# Exercise directions
Among the entries that follow, tally the lines with the string "Dress". Give no more than the number.
▬▬▬▬▬▬▬▬▬▬
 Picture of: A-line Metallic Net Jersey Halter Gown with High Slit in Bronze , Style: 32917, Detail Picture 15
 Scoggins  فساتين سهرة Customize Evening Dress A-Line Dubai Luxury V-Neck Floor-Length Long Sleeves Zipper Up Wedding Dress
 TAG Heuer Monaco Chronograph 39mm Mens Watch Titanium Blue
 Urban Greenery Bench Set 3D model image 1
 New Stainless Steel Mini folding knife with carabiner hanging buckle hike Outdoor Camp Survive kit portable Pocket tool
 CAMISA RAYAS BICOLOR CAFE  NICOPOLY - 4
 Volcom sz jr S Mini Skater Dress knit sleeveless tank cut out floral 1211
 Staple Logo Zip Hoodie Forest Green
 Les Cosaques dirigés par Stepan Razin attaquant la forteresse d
▬▬▬▬▬▬▬▬▬▬
# Answer area
2